Teach Informative Writing Using Magazines

Let’s face it, informative writing is often perceived as boring. But it doesn’t have to be! Overcoming this (false) perception is a challenge I accepted with my students since informative writing is so important for students’ skill development. 

Knowing that informative writing is a skill my students would use for years to come, I set out to transform what was typically traditional and sadly yawn-inducing into something dynamic and exciting. Enter magazines as the dynamic tool for transforming the learning experience!

teach informative writing lessons for learning intext

Dive Into the Content

The first step is to get students excited and curious about magazines. The best way to do that is to have them complete a magazine ‘walk’ in class. 

I collect a bunch of magazines that vary in theme and topic. In the lead-up to this ‘walk’ I reach out to staff, parents, and friends to see what they might have at home to donate. You might even make a connection with your own doctor or dental office since they often have subscriptions for magazines to put in their waiting rooms. Occasionally, I will purchase a few special ones that I think students will connect with (and that can be used for years to come). 

Once you have your collection put them around the room at different stations and encourage students to rotate through the magazine selections. 

Here I like to promote free exploration and curiosity. You could incorporate a notice-and-note approach with a handout but I find that just letting students explore has been just as successful. At the end of their magazine walk, they’re excited to share what they noticed and liked/loved/hated about the different magazines (which is the goal of the task).

Analyzing Magazine Elements

Once students have had a chance to review the wide variety of options, have them go back to a magazine they enjoyed and analyze it. 

Conduct a mini-lesson about different magazine elements including headlines, subheadings, visuals, writing style, and article topics/structure. (And make sure to include fonts too! Fonts can be a big deal… take this example from a Saturday Night Live skit featuring Ryan Gosling ranting about the use of Papyrus.)

After students are familiar with the terminology (and function), they can examine these elements in action in one of the magazines they enjoyed. A notice-and-note approach is ideal here with a graphic organizer with the elements listed on one side and space to record observations on the other.

Regroup as a class to discuss what stands out to them from their chosen publication and what they viewed as effective techniques used in informative writing using the elements as their guide. This is also a good time to emphasize the diversity of topics and styles within magazines.
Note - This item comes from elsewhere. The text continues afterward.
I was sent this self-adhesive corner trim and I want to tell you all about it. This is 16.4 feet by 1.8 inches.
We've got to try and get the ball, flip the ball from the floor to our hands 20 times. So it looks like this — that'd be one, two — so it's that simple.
teaching informative writing with magazine writing unit

Informative Writing To Create Magazines

The goal is that the knowledge gained in students’ initial exploration will inspire their creativity so they can plan and produce their own magazines.

Encourage students to brainstorm topics of interest. There really is no topic too big or too small to be a subject of a magazine. If you’ve been to a bookstore you know the breadth of options available on the magazine racks; it can be overwhelming but it’s amazing that so many topics and niches are featured.
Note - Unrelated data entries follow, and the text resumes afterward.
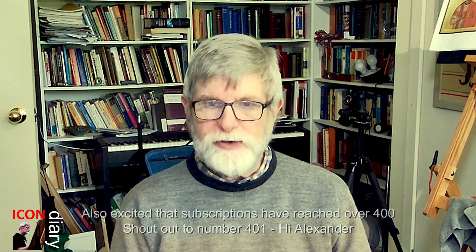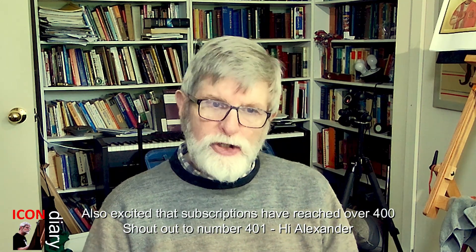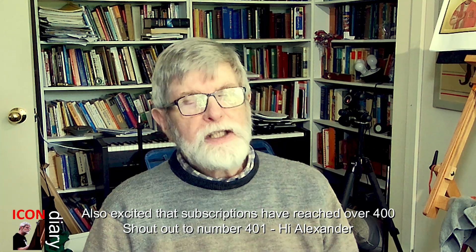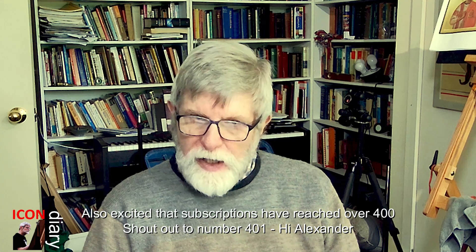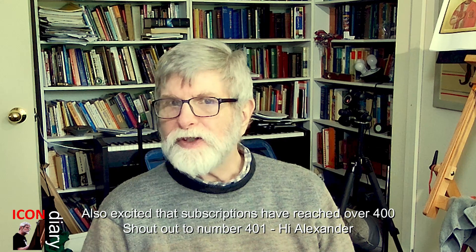If you've been paying attention to my videos over the past few years, you will know that I've been painting a series of icons depicting the saints who are listed in the calendar of other commemorations of the Uniting Church in Australia. Over eight years, I have painted 114 icons in this project.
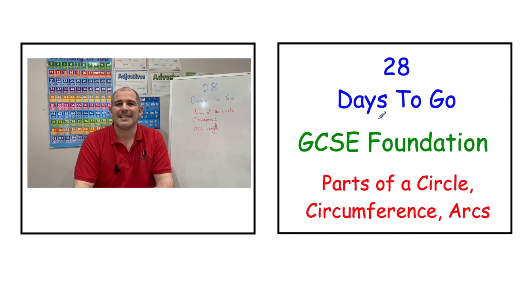If you're preparing for GCSE Foundation Maths, today we're going to be looking at the parts of a circle, the circumference of a circle, and the arc length.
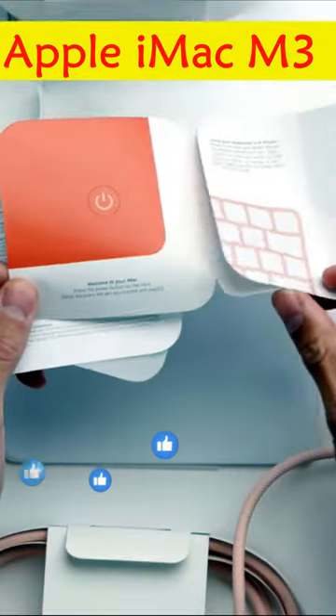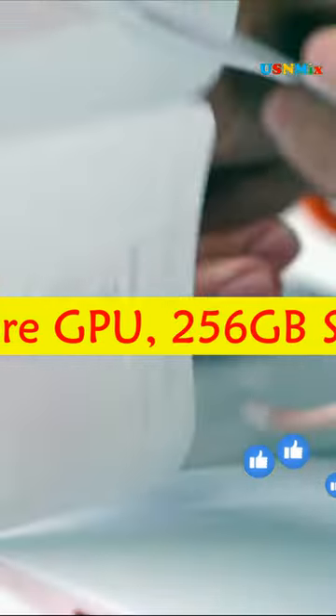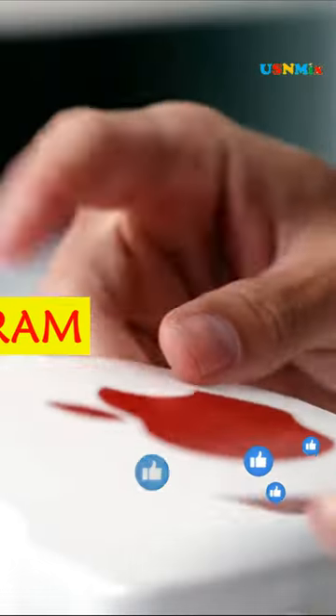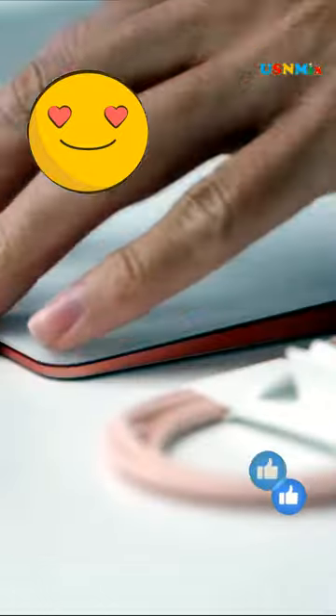The Apple iMac M3 is available in orange. The 24-inch iMac M3 has an 8-core CPU and 10-core GPU, 256GB SSD and 8GB of RAM. It also has two Thunderbolt USB 4 ports, two USB 3 ports and Gigabit Ethernet.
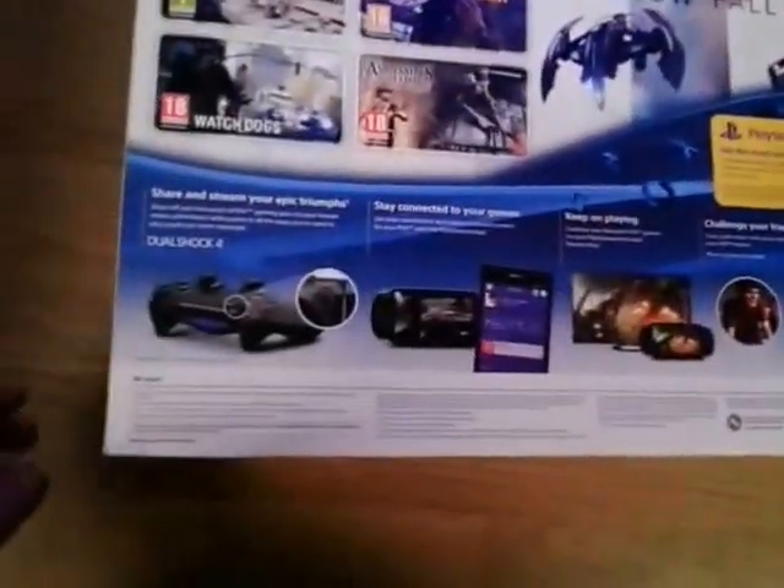That's quite cool looking — usual PlayStation blue, 500 gigabyte, which is obviously the only size we can get at the moment. On the back: Killzone, Infamous, etc. We don't really care about that. What we care about is what's inside.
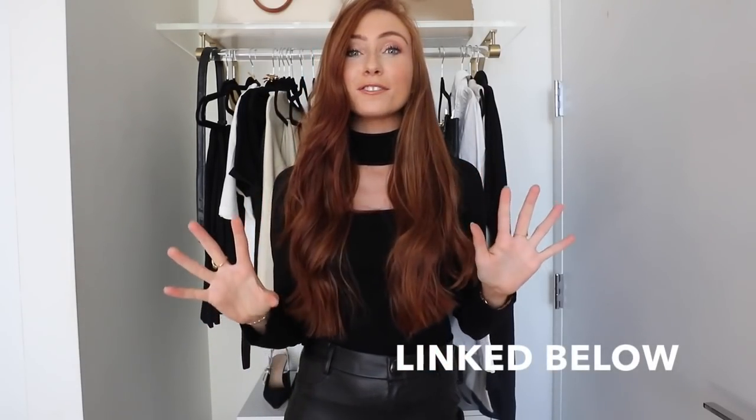Hi everyone, welcome back to my channel. If you watched my last autumn fashion video — which I'm so happy so many of you found helpful — I absolutely loved creating that video and just hearing the feedback was amazing. So I'm definitely going to keep trying to do more helpful videos for you.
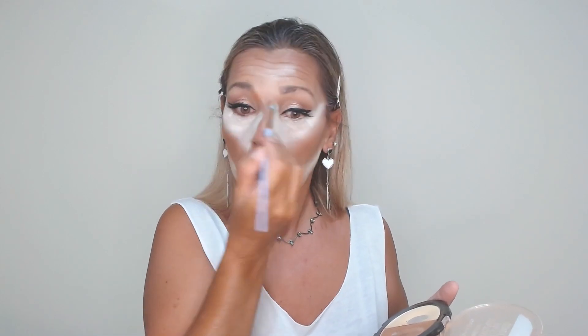And of course on the nose — I start from the inner part of the brow and put a straight line down. This is the contouring of the nose. I'm going to take off the excess and apply some of my MUA bronzer onto the same contouring points.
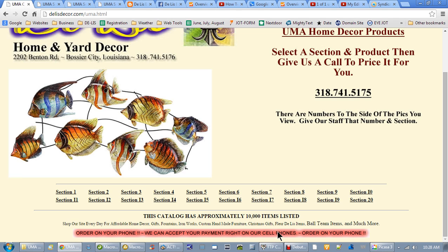By the way, a lot of people in Louisiana — because of the Saints and all — love fleur de lis items, and we've got those, so just ask about them. We'll probably be putting those online pretty quick. If you like ball team items, we've got those too. If you've got a team you really like and want to support, you just couldn't imagine. Let's click on section 20 — that was the last one I put up.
With your students’ new know-how you might co-create guidelines or you could just provide them for structuring articles. This includes evaluating headlines for effectiveness, reviewing the role of subheadings, and making sure that visuals are relevant and powerful.

Create success criteria based on specific expectations you want to assess. For example, you could include a media component like creating a targeted advertisement in the magazine, or maybe students have to write two articles with specific nonfiction text structures. There are plenty of options and this is a prime opportunity for differentiation to support students’ success.
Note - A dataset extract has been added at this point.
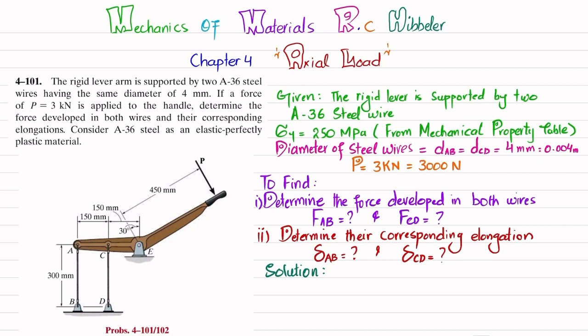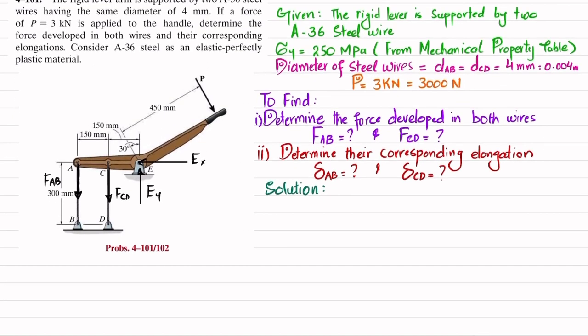Due to this force there will be elongation in wire AB and CD. First, we will find the forces. This handle tends to increase the length of wire AB; as a result, wire AB applies a force downward. Let this force be F_AB. Similarly, if you remove wire CD, it will also exert a vertical force F_CD downward. At point E there is a pin support, giving horizontal reaction E_X and vertical reaction E_Y.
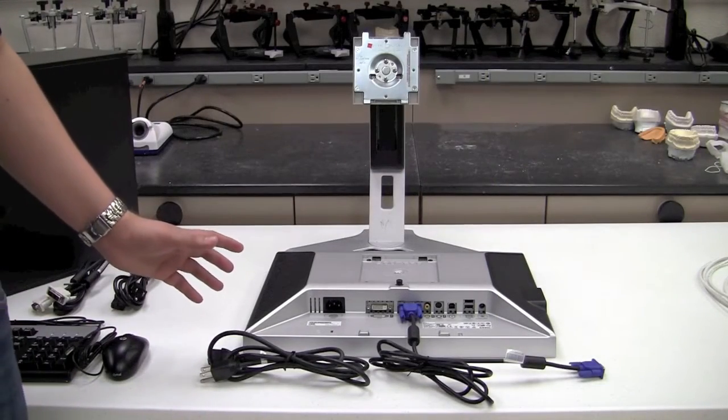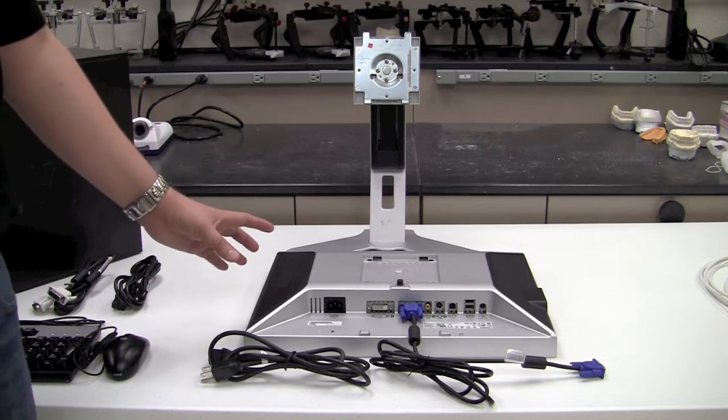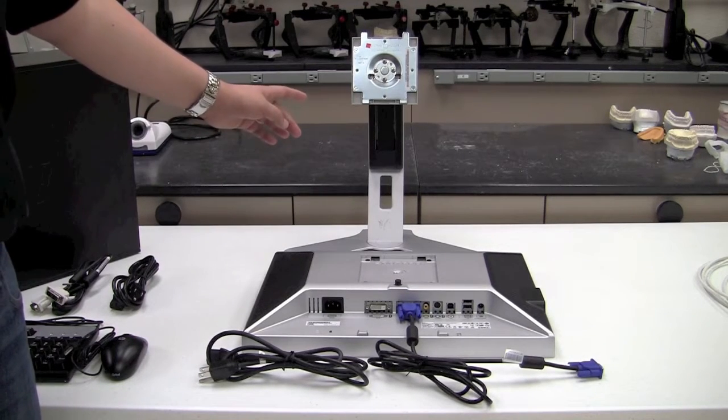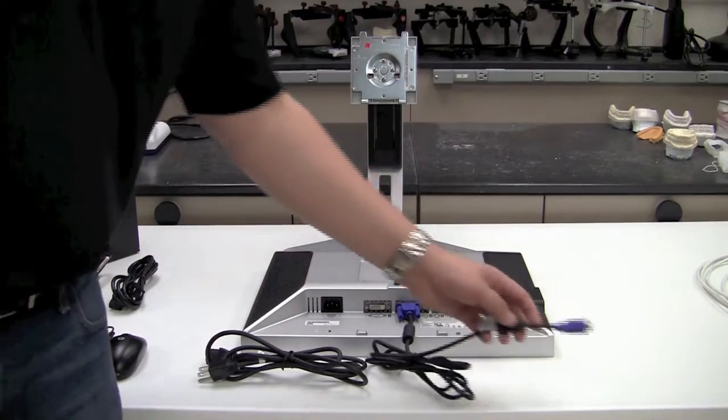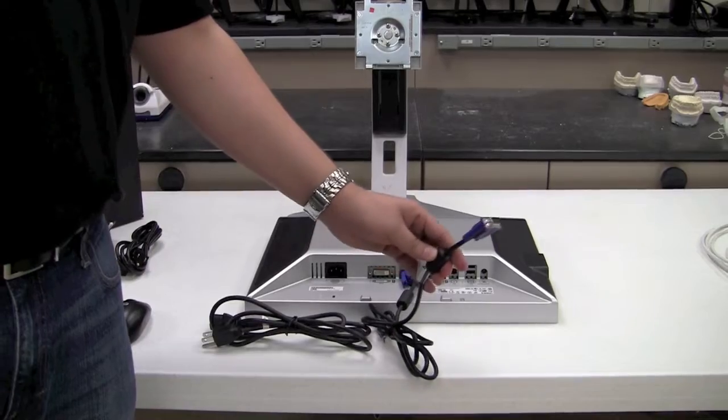The second item that you'll need for your 3Shape system is going to be the computer monitor. The monitor will typically come separate from the actual base itself, and it will usually come with a VGA cable included. You can typically recognize the VGA cable by its blue color.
My magazine project on TpT gives you ALL the tools to run this unit seamlessly! It’s a printable and digital, no-prep resource with mentor paragraphs for mini-lessons and organizers to help scaffold topics like writing headlines, creating ads, and designing covers. Plus, the assignment can be altered to connect to other subjects such as creating a magazine on Space for Science. Save time and grab the project for your class today!

informative writing magazine project images creating a cover, headlines and more

Benefits of the Magazine Approach

There are many benefits to using and creating magazines in class as a teaching tool. Magazines are engaging since they cater to all different interests. They are approachable because of their focus on visuals and the inclusion of appealing layouts and digestible content. 

Because magazines don’t feel as intense or intimidating as essays or news articles they are an ideal option for improved engagement and enthusiasm for informative writing. 

Teachers just like you have used this magazine project and declared it a huge hit with their students. One teacher who reviewed the product shared her students’ experience with it: “They love it, the step-by-step process made it easy for them, and they got so creative with it!” 

Now is your chance for students to dive into informative writing with their own magazine creations so you can see where their curiosity, creativity, and skills take them.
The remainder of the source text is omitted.